I’m writing this tutorial after completing the logistic regression portion of Andrew Ng’s Machine Learning Course

Classification

Logistic regression, like linear regression, is a supervised learning algorithm. Unlike linear regression, logistic regression is a classification problem. Classification problems have discrete valued output which means that the set of all possible output values is limited to a finite amount. In this tutorial we will be discussing the binary classification problem in which the output value can only be 0 or 1. Most of what’s mentioned in this tutorial will also apply to the multiple-class case. The example we’ll work through in this tutorial will be based on the data in the table below:

When implementing logistic regression, you will always have more than six data points, but I have simplified the dataset for this example. The x values are test scores that represents the number of words typed per minute by an individual applying for an office assistant job. The y values represent whether they got the job (1) or didn’t get the job (0).

Visualizing the Data

In the plot below, the score from the first test will be on the x-axis, and the score from the second test will be on the y-axis. A red x means that the individual did not get the job, and a green circle means that they did get the job.

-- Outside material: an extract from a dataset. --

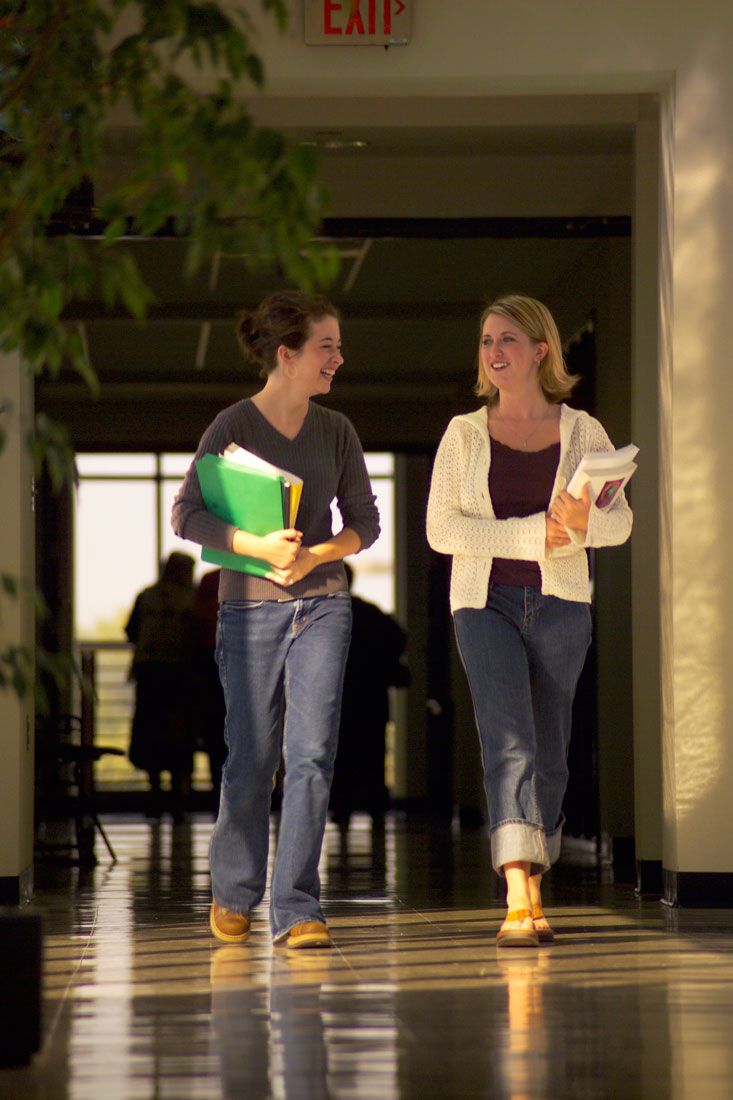 Students walking down a hallway at Hawkeye Community College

Our hypothesis for logistic regression is defined as:

$$h_{\theta}(x) = g(\theta^Tx)$$

where

$$g(z) = \frac{1}{1 + e^{-z}}$$

and

$$z = \theta^Tx$$

The next equation shows all 3 of the above equations combined:

$$h_\theta(x) = \frac{1}{1 + e^{-\theta^Tx}}$$

$g(z)$ is known as the sigmoid function. Note that $\theta^Tx$ uses matrix multiplication. If you would like to learn more about the linear algebra used in this tutorial, check out Khan Academy. Also note that when using vectors to perform this calculation, $x_0$ will always be 1.

The output for our hypothesis will always fall between 0 and 1: $0 \leq h_\theta(x) \leq 1$. Our hypothesis will tell us the probability that the output is 1. For example, if our output is 0.9, there’s a probability of 90% that the output is 1 and a probability of 10% that the output is 0. In other words, while linear regression predicts a specific value, logistic regression predicts the probability of an outcome.

Decision Boundary

The output of our hypothesis can be translated as:

$$h_\theta(x) \geq 0.5 \implies y = 1$$

$$h_\theta(x) < 0.5 \implies y = 0$$

We use the output values to create our decision boundary which is the line separating the area between $y=0$ and $y=1$.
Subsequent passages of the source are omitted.